From: "Elliotte Rusty Harold" <elharo@metalab.unc.edu>
 
> Why would you want to restrict the syntax of the documents 
> you can process? (Yes, I know SOAP does this. I think SOAP is wrong, 
> and this brain damage should not be encouraged to propagate into 
> other domains.)  I don't want to allow subsets of XML syntax to be 
> defined and required. It's an interoperability disaster. 

I think it is the current definition of well-formed that is the interoperability
"disaster".   

As Simeon and Wadler point out in 
http://www.research.avayalabs.com/user/wadler/papers/xml-essence/xml-essence.pdf
one of the important properties of an external data-representation format is round-tripping.

The current situation where you don't know what infoset a parser will produce
when you give it a document means that at the heart of XML is a flaw which
should be removed sooner rather than later.  People wrongly attribute the interoperability
problem to "entities" in general (often just suggesting some kind of other link
whose influence on the information set is even less well defined.)   
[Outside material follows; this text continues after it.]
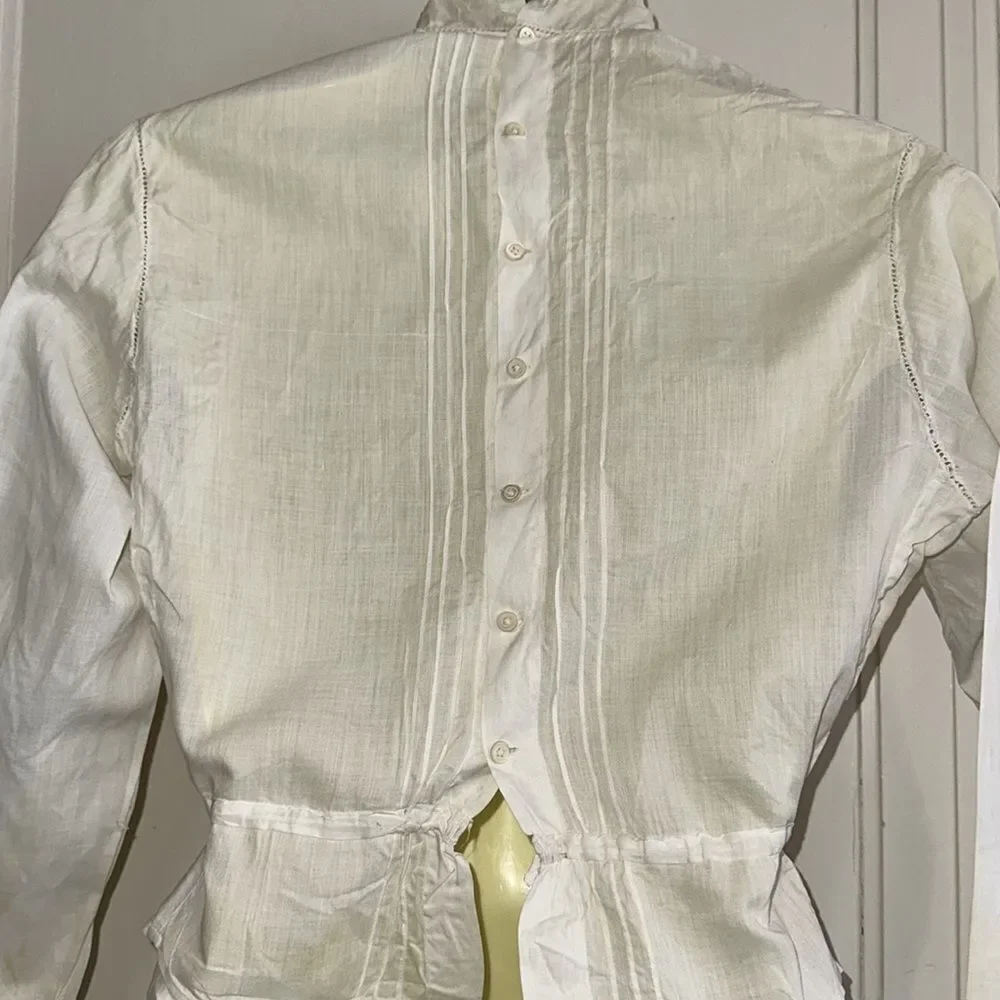 Antique handmade white cotton muslin high neck long‎ sleeve embroidered blouse - Picture 8 of 13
Now by "what infoset a parser will produce" I don't mean minor things like
the status of CDATA sections, but very major things: whether an attribute
is present, and (most significantly for downstream processing) whether that
attribute provides a namespace.  

Which is why I think we need to move to four kinds of XML documents
and processors

    - headless (e.g. for SOAP, similar to Norm's suggestion)
    - well-formed (deprecated)
    - infoset-complete but unvalidated (e.g. for XHTML)
    - valid

To recap, the infoset-complete-but-unvalidated documents/processors
would have exactly the same infoset as a valid document. However,
the parser would not need to understand content models, nor test
that attribute values which were enumerations matched their declarations.
A processor would have to maintain about an element: whether it allowed
PCDATA (to report whitespace correctly), what the default values for
attributes are, what attributes are IDs or IDREFs, and what tokenizing
or space-normalizing was needed for an attribute value.  But no DFAs.

Well-formed should be a category of minority interest to editor-application
developers, not something for public usage.

Cheers
Rick Jelliffe

Received on Thursday, 16 January 2003 11:59:14 UTC